I got my Horoscope done, not that I believe in it, I just wanted to see what it would predict. It starts off quite promisingly.
The usual stuff that everyone says to me; that I am too self-critical, prone to pessimism, and that one of my best points is the fact that I have the 'ability' of self-deprecation. Yay! apparently, it is an ability now. If only someone would pay me for this talent of mine. And... to make things worse none of these attributes makes me any more alluring to members of the opposite sex than say, a wet dishrag.
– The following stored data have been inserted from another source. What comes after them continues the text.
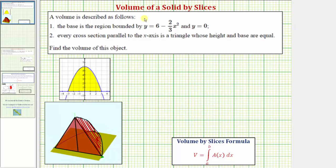Welcome to an example on how to determine the volume of a solid by slices, or with a known cross section. A volume is described as follows: the base is the region bounded by y equals six minus two-thirds x-squared and y equals zero, and therefore the base would be this bounded region here in the xy-plane, where the region is bounded by the parabola and the x-axis.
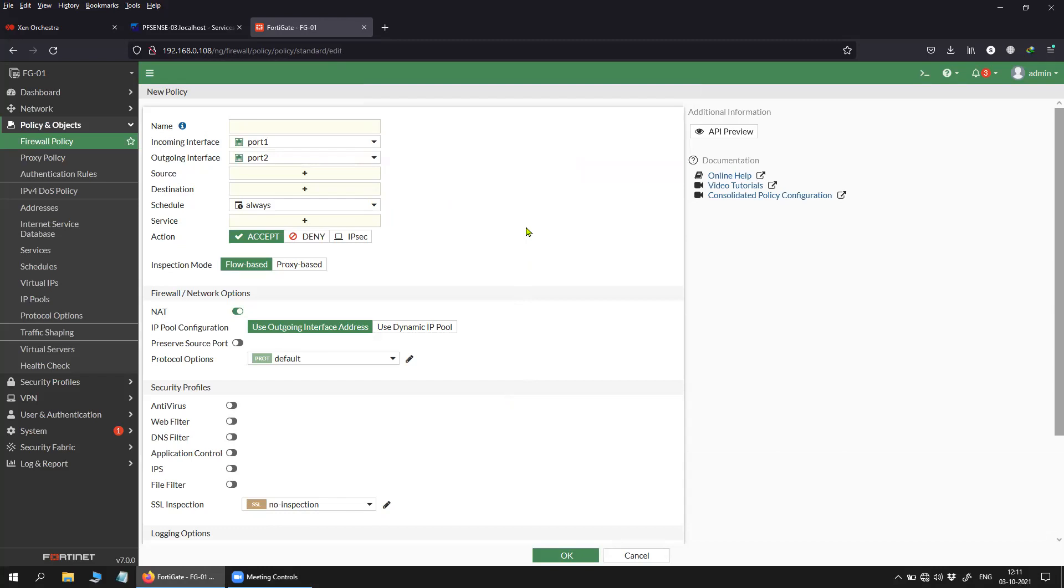It creates a lot of issues while deploying the policy because you will have to create multiple policies from each single ingress interface to the egress interface.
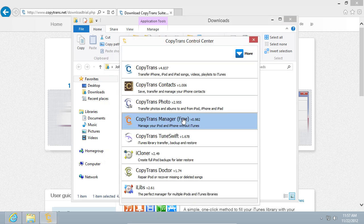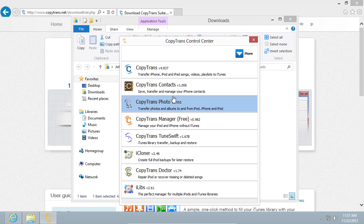The program will start automatically. In the appeared window, choose Copy Trans Contacts.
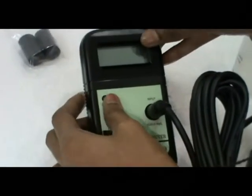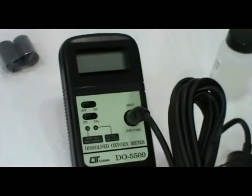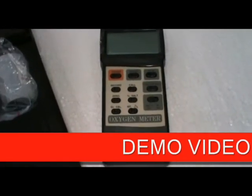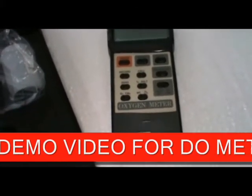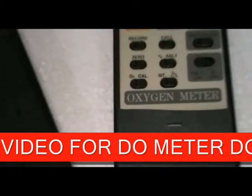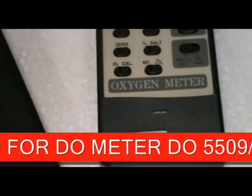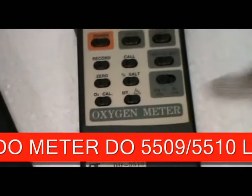Switch off. Next model is DO 5510. This is the auto calibration model.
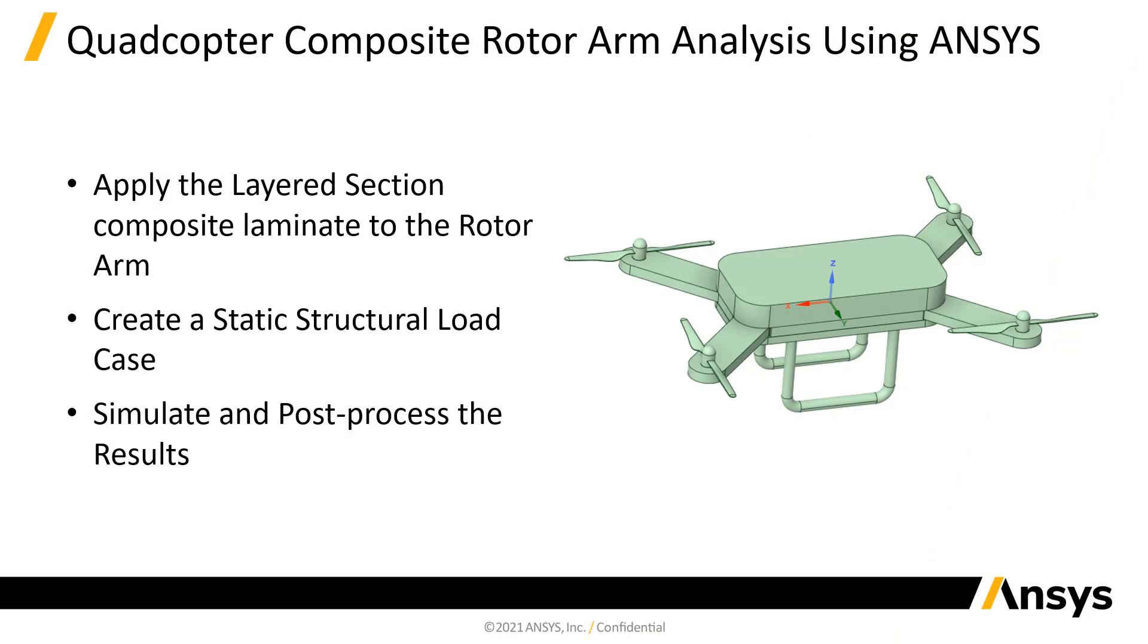In part 1 of this series, we simplified a quadcopter rotor arm geometry, imported composite materials, and generated a 2D mesh.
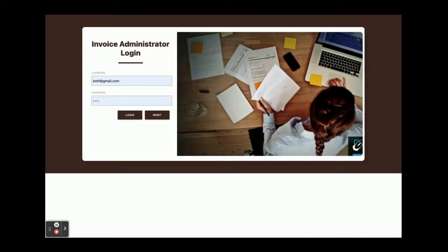Hello friends, welcome again. This is my new project, Invoice Management System. I have developed this project in Java Spring Boot and Angular, and for the database I'm using MySQL.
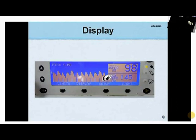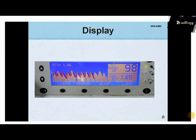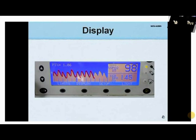Note the pulse rate display, and this shows the oxygen saturation of hemoglobin. Both panels show the limits set by the operator. This is the plethysmographic waveform, which automatically scales to the perfusion level or strength of the signal being received at the monitoring site.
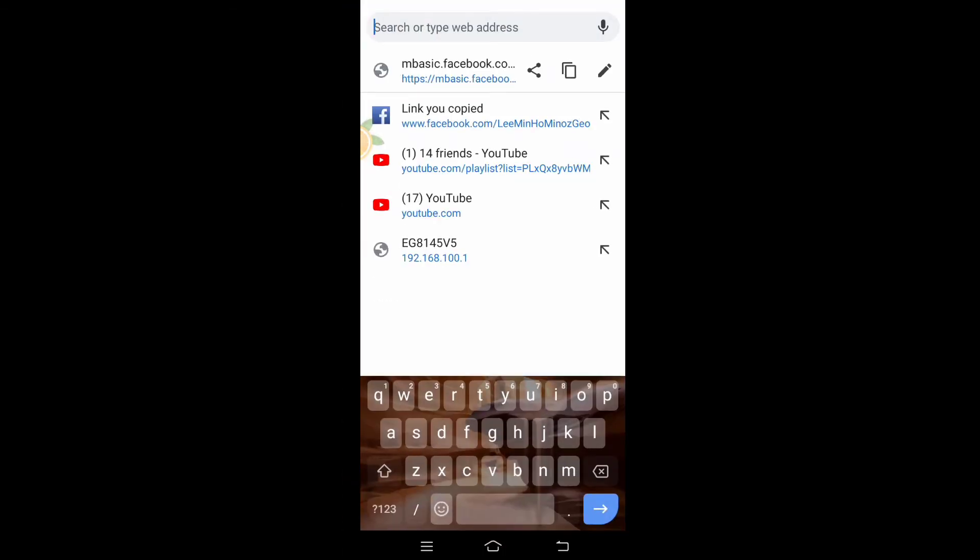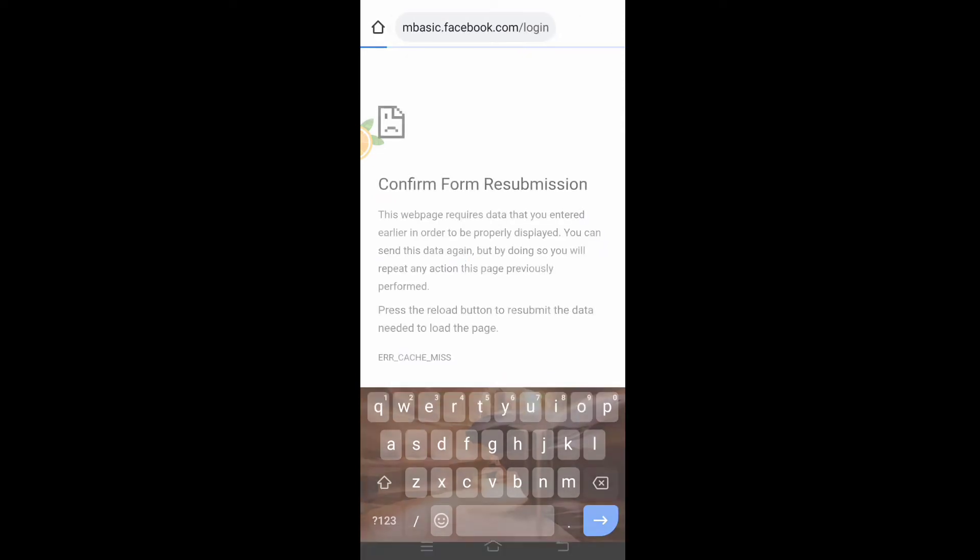Instead of HTTPS or www, just edit the link with MBASIC. And because we are using mobile, so MBASIC.Facebook. Just click that.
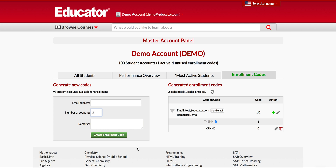For one account with a three-year membership, you just have to apply three one-year enrollment codes to it — they will stack on top of each other. The second code will run after the first year expires, and so on. If you use 10 yearly enrollment codes on a single account, that account will have membership for 10 years.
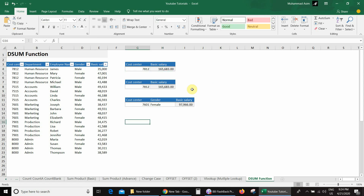We could also use SUMIF here since there is only one criteria, but SUMIF requires a different selection method. If you want to learn about SUMIF and SUMIFS, a link is available in the description. Here we will use the DSUM function.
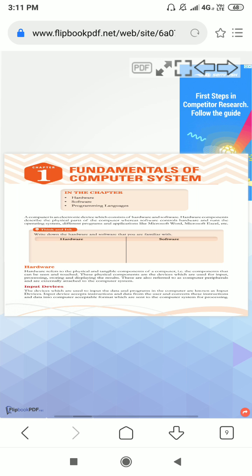First, hardware. Hardware refers to the physical and tangible component of the computer. For example, components that can see and touch. In the computer, just like monitor, keyboard, CPU, UPS, mouse - these are the hardware parts of the computer. In this part, we can see and touch.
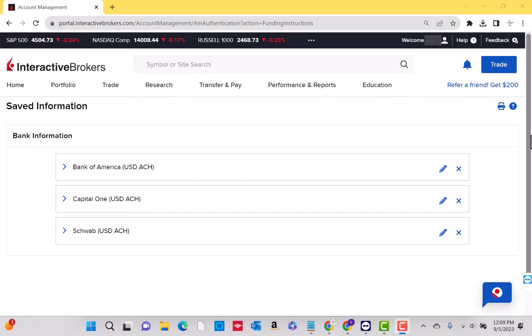On this page, you can see your bank information and the list of banks that you have linked in your Interactive Brokers account. Then hover your cursor to the X or delete button of the bank information you wish to delete.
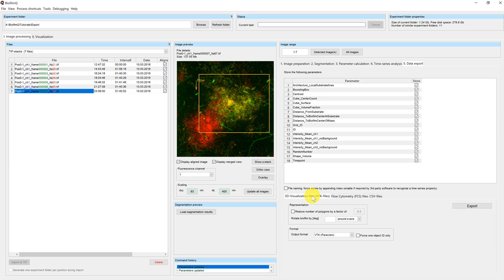Let's focus first on the 3D visualization files. At the bottom you can decide which output format you want to use. You can use either the VTK format, which can be visualized by the 3D rendering software Paraview, or you can pick the STL format, which is a default exchange format for CAD files. You can find a list of programs which support this file format on Wikipedia, for example.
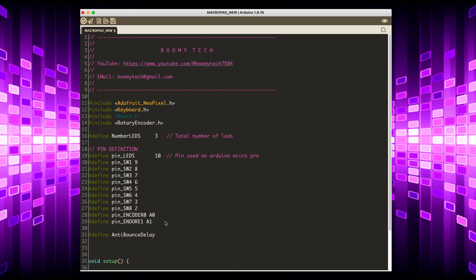The anti-bouncing variable is used to prevent a key from being read multiple times.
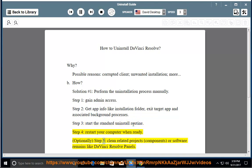Optionally, step five: clean related projects, components, or software remains like DaVinci Resolve panels.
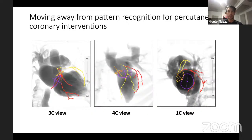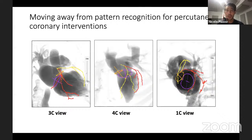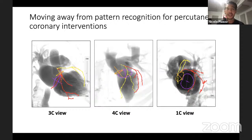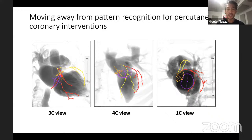Chamber views can be used to develop pattern recognition in structural heart disease and also in coronary interventions. In the future, we'll be moving away from pattern recognition for coronary interventions and becoming more patient-specific. Here you have a three-chamber view, four-chamber view, and one-chamber view of the coronary arteries. The red circumflex artery wraps around the mitral valve in the three-chamber view. The yellow LAD — all this time when you're injecting a coronary in LAO cranial, you were injecting in a four-chamber view.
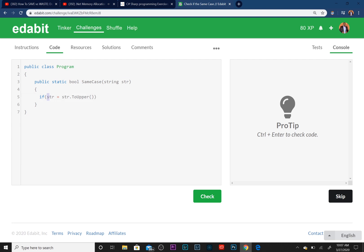Or if str equals... sorry I'm supposed to put two equal signs, comparison operator, or if str equals str.ToLower...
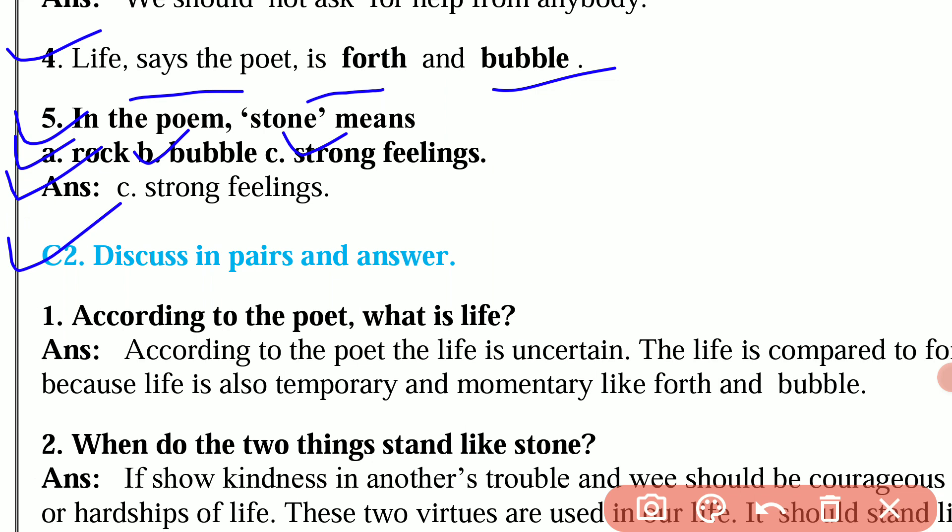Question number 2: Discuss in pairs and answer. Question 1 is, according to the poet, what is life? The answer is, according to the poet, life is uncertain. Life is compared to froth because life is also temporary and momentary, like froth and bubble.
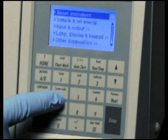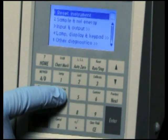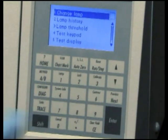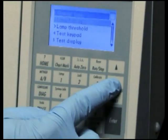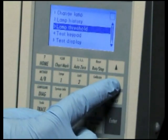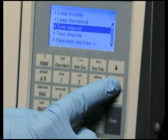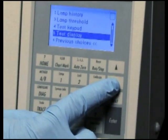Selecting Lamp, Display and Keypad accesses a list of diagnostics used to change the lamp, test the keypad, and test the display functions.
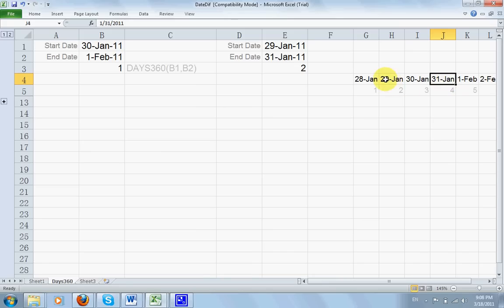And the end date happens to be on the last days of the month itself. Right, again, 29 to 30, one day. 29 to 31st, two days.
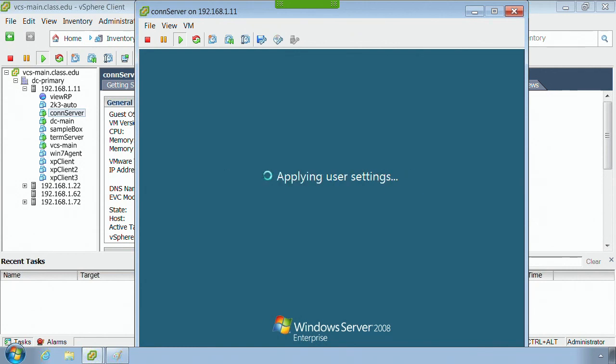Okay, so I'm logging on to my connection server. It's really not a connection server just yet. I'm just going to be verifying a few things.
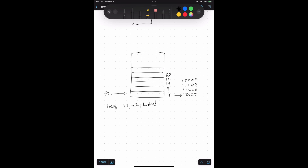For example, the current instruction is at address 4 and it needs to jump to label address 16.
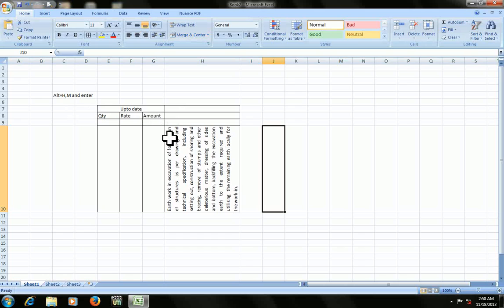So this is the shortcuts and how to insert the wrap merge in Microsoft Excel. I hope it will help you. Don't forget to like and subscribe. Thank you very much for watching. If you don't understand this video, I have given my blog link in the description. Click on that, you will find all these shortcuts or how to insert this in Excel. Thank you very much for watching, please like and subscribe.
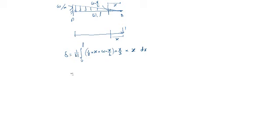That equals 1 by EI. This W and L: 2 times 3 equals 6L. W by 6L will come out.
To think that I once thought that humility was reason enough to make the girls swoon in admiration and awe for me :(
Why this sudden emphasis on women ? You'll see.
And then it goes on about how I will not have a problem as far as finances are concerned, a sigh of relief from me at this point.
This is where it stops making sense and starts to go completely bonkers.
The next thing it tells me is that...
(Hang on, you have to brace yourself for this, because when I heard this I wanted to bitch slap the fucking astrologer, I honestly felt that it was a joke when he said this.)
'You are very popular with the girls, and you will always be surrounded by them and you will have trouble choosing from among them.'
A minute to cool myself down.
WHAT THE FUCK!
Are you shitting me ?
what a load of bullshit.
I've been duped.
Astrology is a scam!
it is worse than FASCISM!
I would have rather payed someone to kick me in the balls!
(*clearing throat) Hrmgh ghrgrh
Because, I am sure all of you know that;
it has been ages since I have spoken to a girl.
I don't have a girlfriend and have never had one.(A consequence not of reluctance on my part but of my amazing social graces that would put a retarded monkey to shame, oh and also my sarcastic wit which just drives them wild :D )
This is the one thing about me that I am most sensitive about.